Data shown START

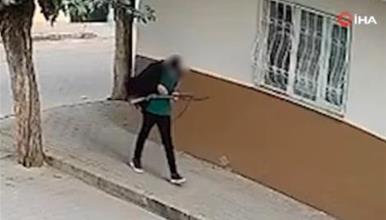Напаѓачот кој пукаше кај училиште во Маниса го најавил нападот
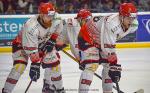 Photo hockey match Nantes - Cholet  le 06/04/2022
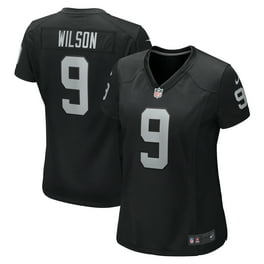 売れ筋商品|||ナイキ カットソー トップス レディース Women's Dallas Goedert Black Philadelphia Eagles Alternate Game Jersey Black Women's Nike Dallas Goedert Black Philadelphia Eagles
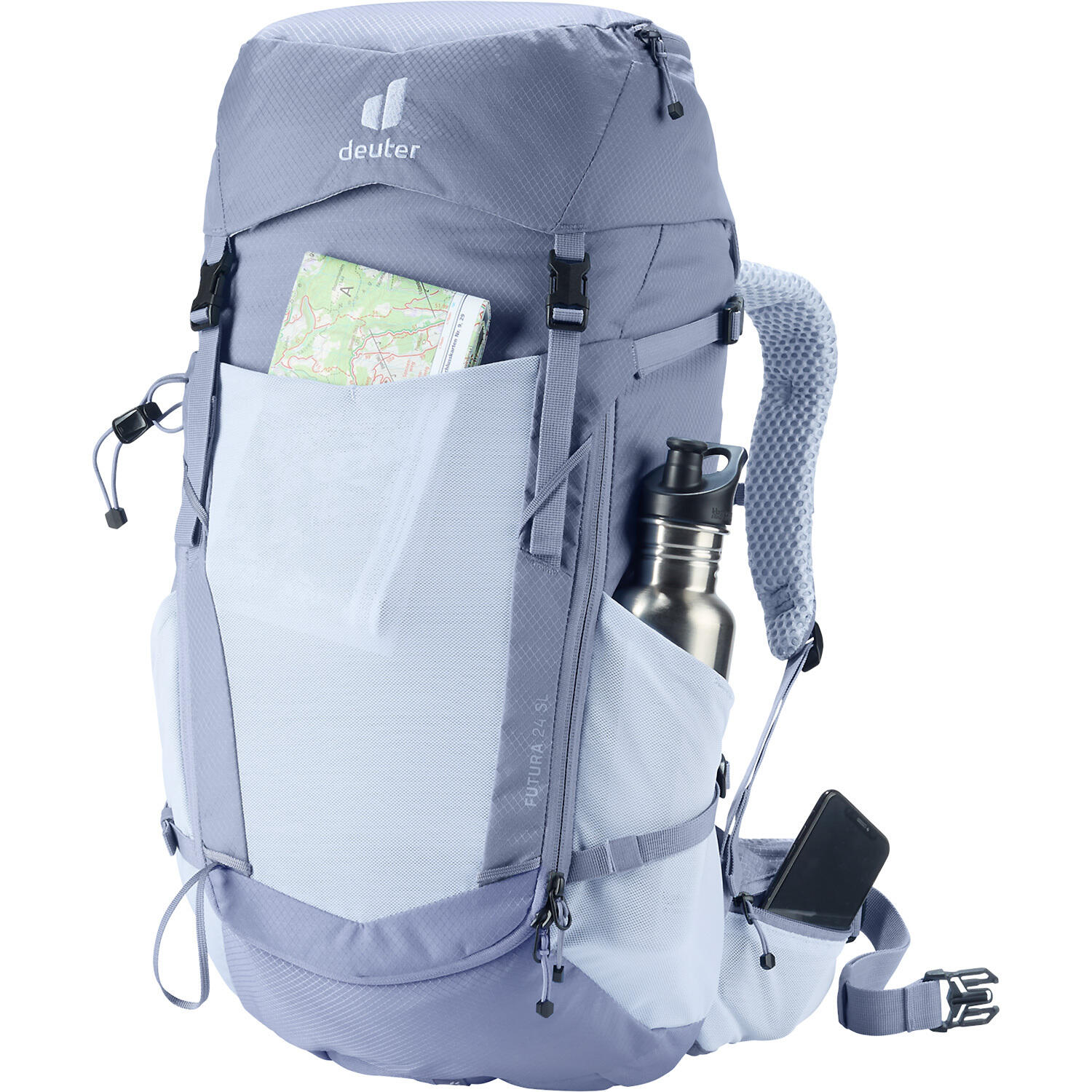 Unisex Wanderrucksack Futura 24 SL 2/13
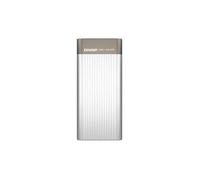 Adaptateur réseau - QNAP - USB 4 Type-C vers 1 x 10GbE - 40 Gbit/s - Affichage haute résolution - SFP+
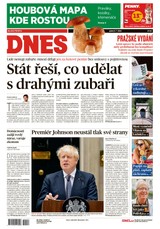 E-magazín MF DNES - 8.7.2022 - MAFRA, a.s.
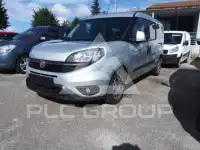2015 Fiat Unknown
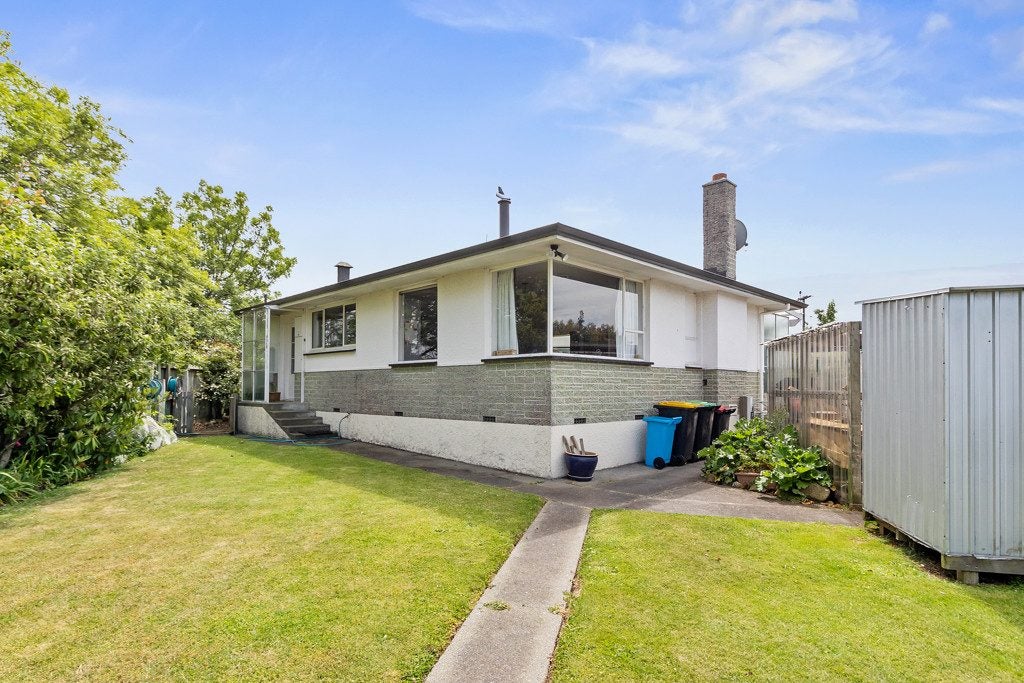 12 Rimu Street, Highfield, Timaru - Carousel 2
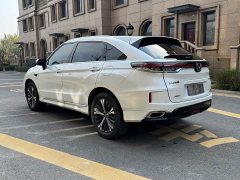 Honda UR-V 370TURBO AWD Premium Edition - ფოტო 4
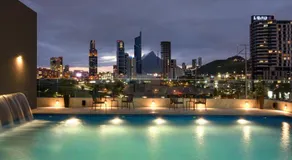 Hyatt House Monterrey Valle San Pedro - Image 2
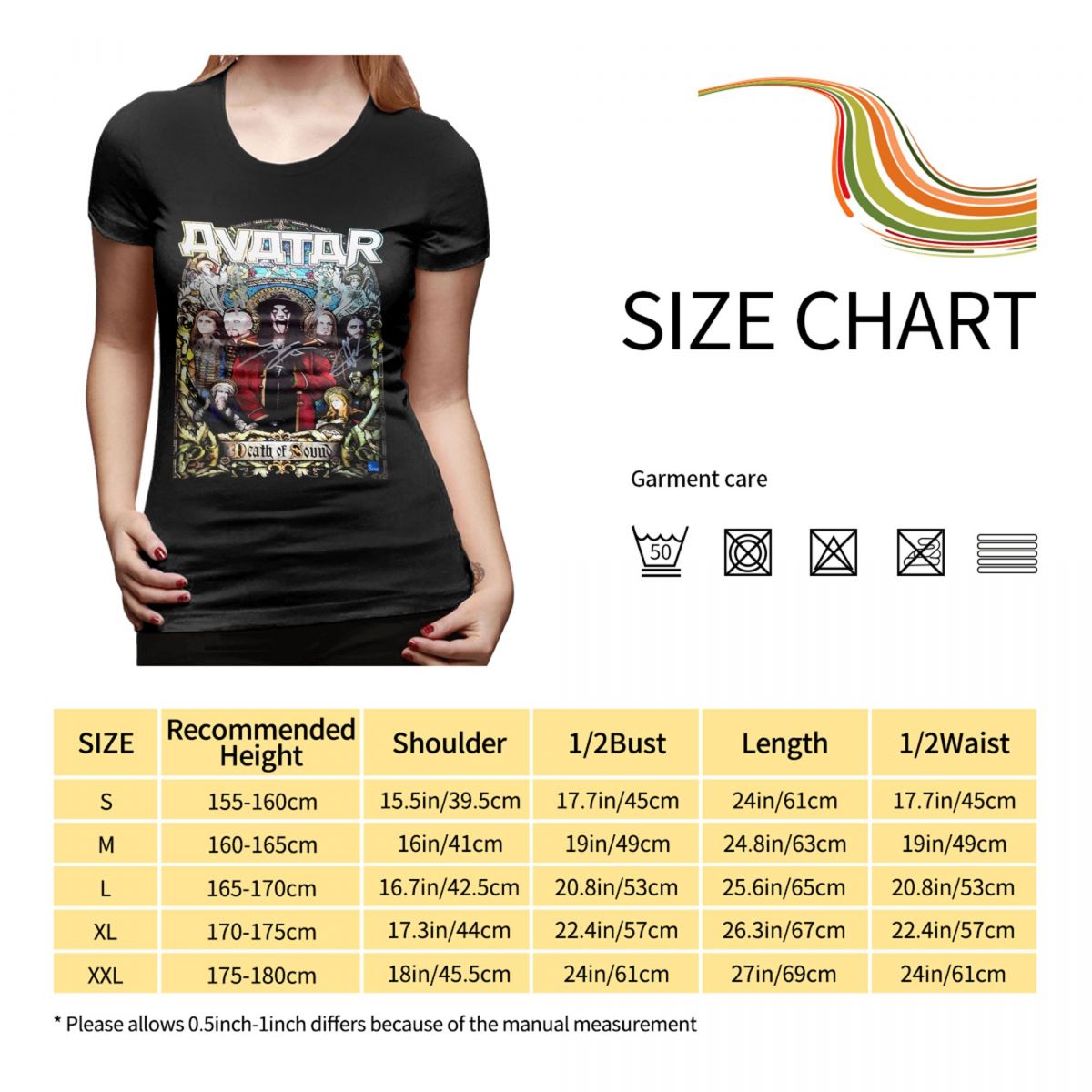 Summer Staple High Quality Ava - đánh giá và giá Summer Clothing Essentials Women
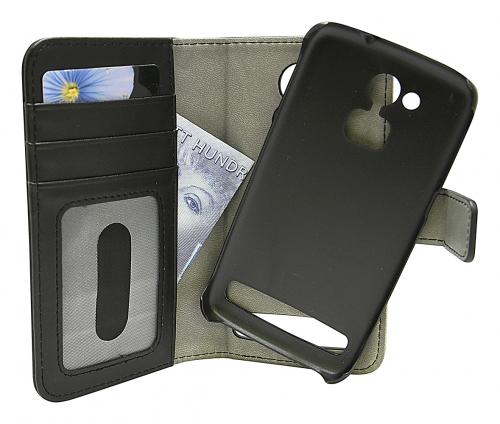 Skimblocker Magnet Wallet Doro 8030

Data shown END

### Exercise prompt
Give the entries again exactly. Pictures stay out.

### Response to the task
Напаѓачот кој пукаше кај училиште во Маниса го најавил нападот
 Photo hockey match Nantes - Cholet  le 06/04/2022
 売れ筋商品|||ナイキ カットソー トップス レディース Women's Dallas Goedert Black Philadelphia Eagles Alternate Game Jersey Black Women's Nike Dallas Goedert Black Philadelphia Eagles
 Unisex Wanderrucksack Futura 24 SL 2/13
 Adaptateur réseau - QNAP - USB 4 Type-C vers 1 x 10GbE - 40 Gbit/s - Affichage haute résolution - SFP+
 E-magazín MF DNES - 8.7.2022 - MAFRA, a.s.
2015 Fiat Unknown
 12 Rimu Street, Highfield, Timaru - Carousel 2
 Honda UR-V 370TURBO AWD Premium Edition - ფოტო 4
 Hyatt House Monterrey Valle San Pedro - Image 2
 Summer Staple High Quality Ava - đánh giá và giá Summer Clothing Essentials Women
 Skimblocker Magnet Wallet Doro 8030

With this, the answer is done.